Data entries:

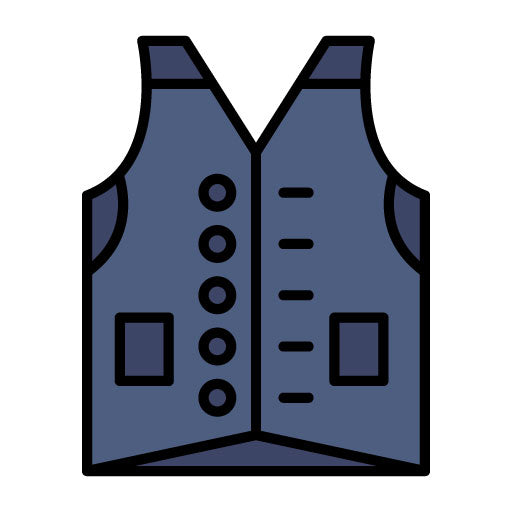 Vest Filled Icon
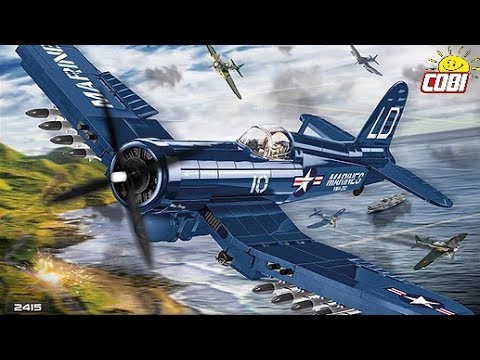 #Cobi 2415 Au-1 Corsair Speed Build
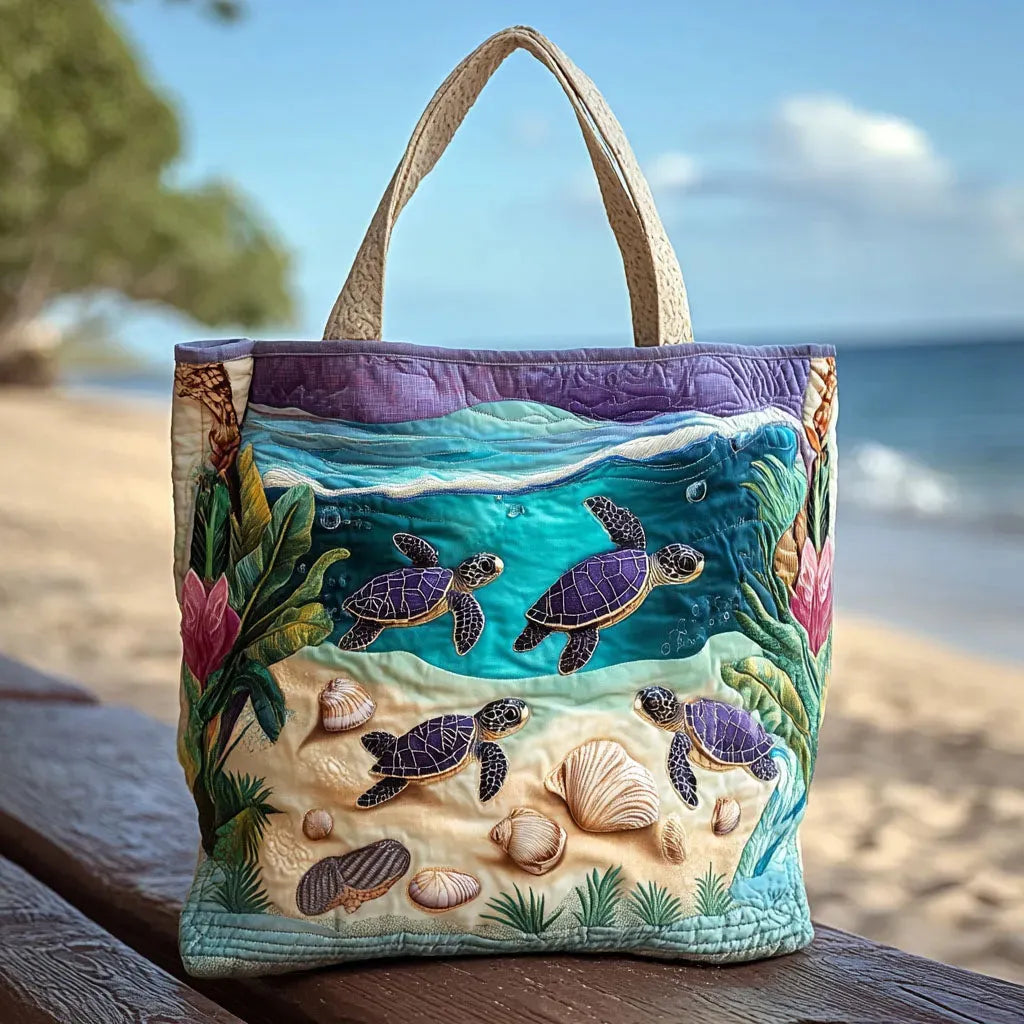Brenda | Ocean Konstnärlig Design Tote Bag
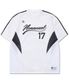 SWEEP BASEBALL JERSEY - WHITE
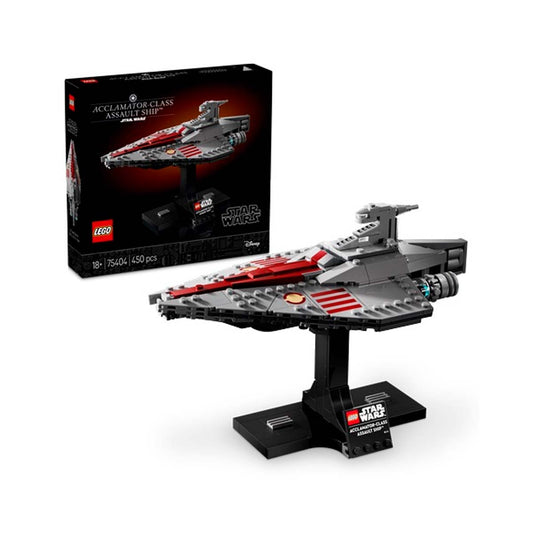 LEGO Star Wars - Acclamator-Class Assault Ship (75404)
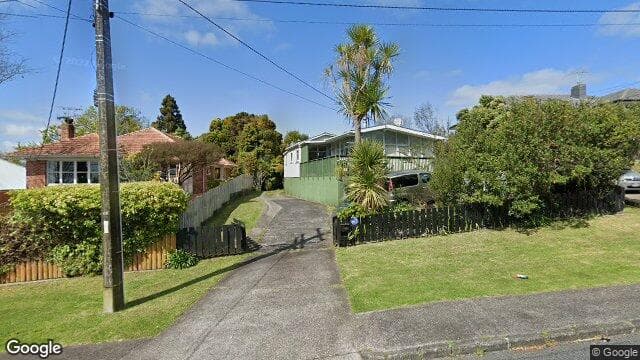 Street view of 13 Eastglen Road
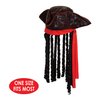 Beistle Caribbean Pirate Hat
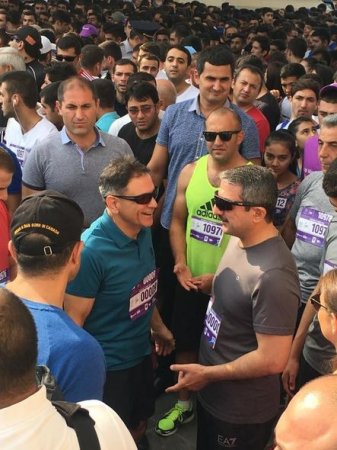 Generallar “Gəncə Marafonu”nda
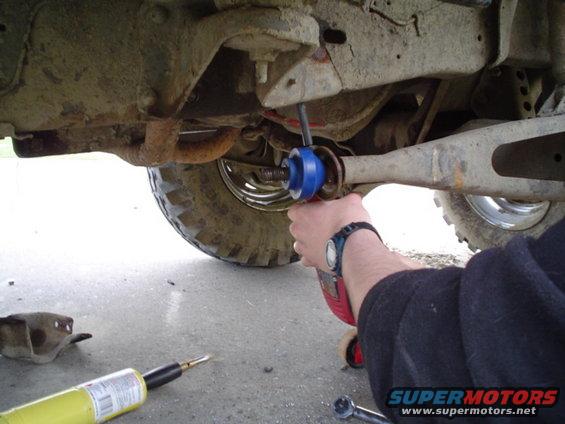 Ford radius arm bushing repair #7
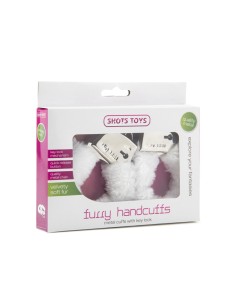 Menottes fourrure Shots - blanc 2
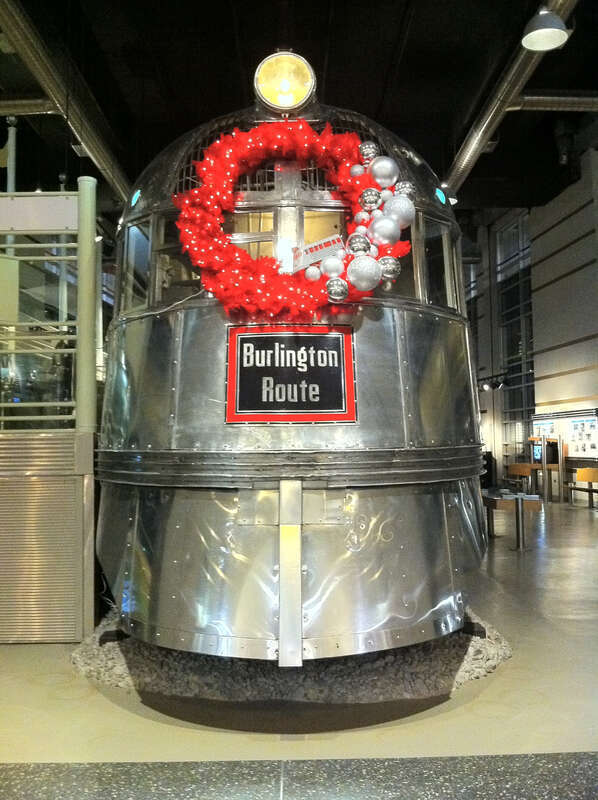 Pioneer Zephyr in the Museum of Science and Industry (Chicago)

### WORK INSTRUCTIONS
Return every entry above exactly as written, with no pictures included.

### ANSWER FOR THIS EXERCISE
 Vest Filled Icon
 #Cobi 2415 Au-1 Corsair Speed Build
Brenda | Ocean Konstnärlig Design Tote Bag
 SWEEP BASEBALL JERSEY - WHITE
 LEGO Star Wars - Acclamator-Class Assault Ship (75404)
 Street view of 13 Eastglen Road
 Beistle Caribbean Pirate Hat
 Generallar “Gəncə Marafonu”nda
 Ford radius arm bushing repair #7
 Menottes fourrure Shots - blanc 2
 Pioneer Zephyr in the Museum of Science and Industry (Chicago)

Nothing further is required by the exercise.